Но и такое обучение шло недолго. Елизавета желала упрочить трон за потомками Петра I. Прибывшую в феврале 1744 года в Петербург невесту — такую же бедную, как и он сам, немецкую принцессу и свою троюродную сестру Софию Фредерику Августу Ангальт-Цербстскую — Пётр встретил по-родственному и во время разговора по душам рассказал, что влюбился в красавицу-фрейлину, дочь статс-дамы Натальи Лопухиной, но Елизавета по обвинению в государственном преступлении (Лопухины в своём кругу ругали императрицу и рассчитывали на возвращение к власти Ивана Антоновича) сослала всё семейство в Сибирь. Принцесса, по её собственному признанию, сделанному много лет спустя, «благодарила его за предварительную доверенность, но в глубине души... не могла надивиться его бесстыдству и совершенному непониманию многих вещей».

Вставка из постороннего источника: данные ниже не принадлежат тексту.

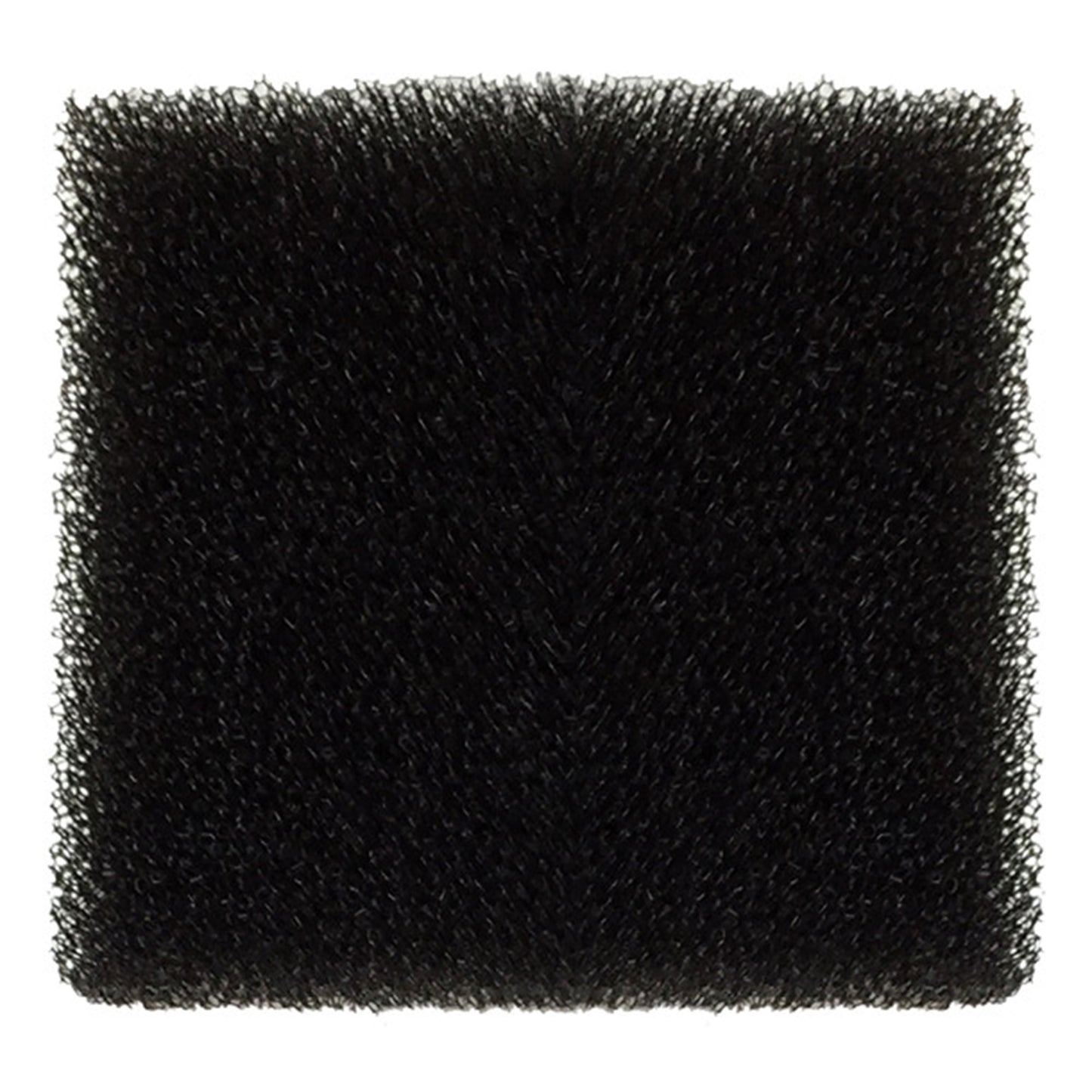 drive™ Cabinet Air Filter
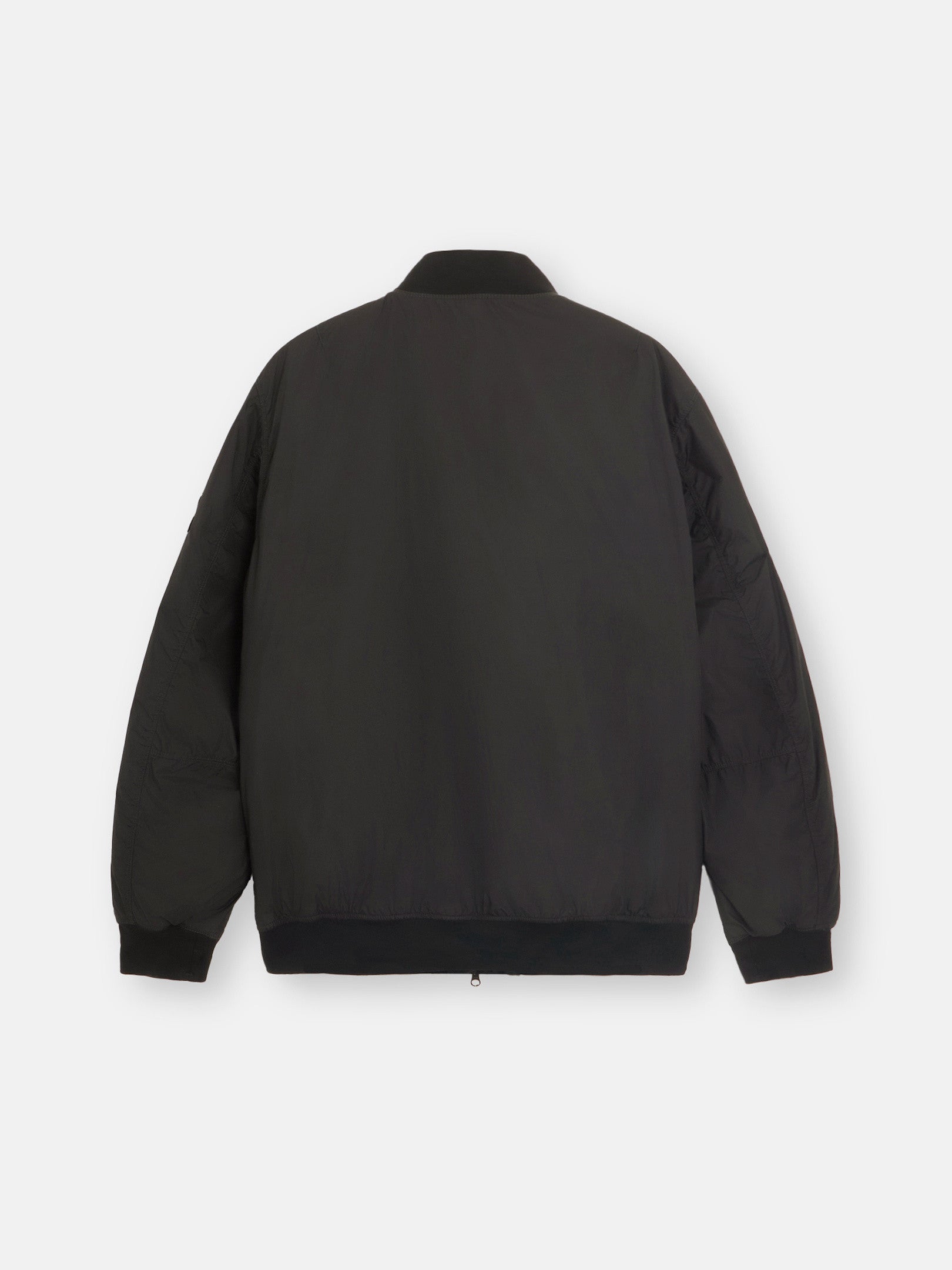 40923 CRINKLE REPS R-NY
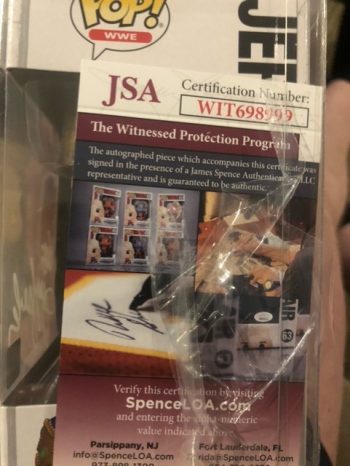 Gateworld Collectables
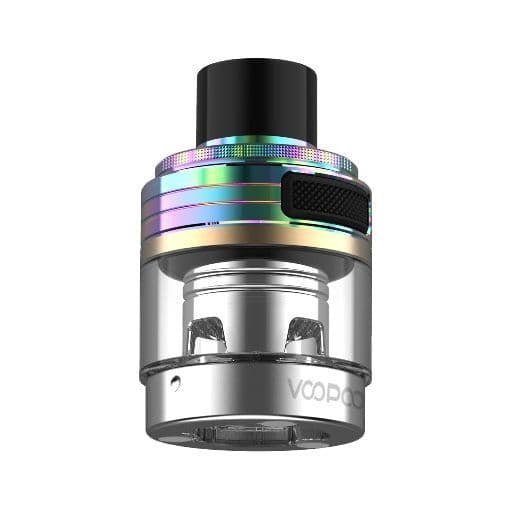 Shop Voopoo Tpp - X XL Tank - Voopoo Tpp - X XL Tank - Vape Blaze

Впрочем, отношения шестнадцатилетнего Петра и его пятнадцатилетней невесты (после перехода в православие звавшейся Екатериной Алексеевной) в ту пору были не скандальными, а скорее дружественными. Намеченный брак состоялся 21 августа 1745 года, но ожидаемых последствий не имел, хотя Пётр и Екатерина жили теперь вместе. Наследник устраивал в подаренном тёткой Ораниенбауме игрушечную крепость и развлекался военными «экзерцициями» с ротой из придворных кавалеров — подгонял амуницию, разучивал сигналы, маршировал, упражнялся с ружьём; его супруга читала и предпринимала первые попытки подчинить своей воле окружавших её придворных и слуг.
Инструкция А. П. Бестужева-Рюмина приставленным к «молодому двору» лицам указывала: они должны следить за тем, чтобы великий князь «явной Божией службе в прямое время с усердием и надлежащим благоговением, гнушаясь всякаго небрежения, холодности и индифферентности (чем все в церкве находящиеся явно озлоблены бывают) присутствовал» и почтительно относился к своему духовнику, из чего можно понять, что наследник не отличался примерным поведением. Придворные Петра и Екатерины должны были делать всё, чтобы «ни малейшее несогласие не происходило, наименьше же допускать, чтоб между толь высокосочетавшимися какое преогорчение вкоренилось, или же бы в присутствии дежурных кавалеров, дам и служителей, кольми меньше же при каких посторонних, что-либо запальчивое, грубое и непристойное словом или делом случилось». Видимо, несдержанность великого князя и его публичные размолвки с женой вскоре стали обычными. Но были и другие минуты, когда, вспоминала Екатерина, великий князь и его кавалеры приходили «в мои внутренние апартаменты, и Бог весть, как мы скакали... жмурки были в большом ходу, и часто плясали сплошь весь вечер, или же бывали концерты, за которыми следовал ужин».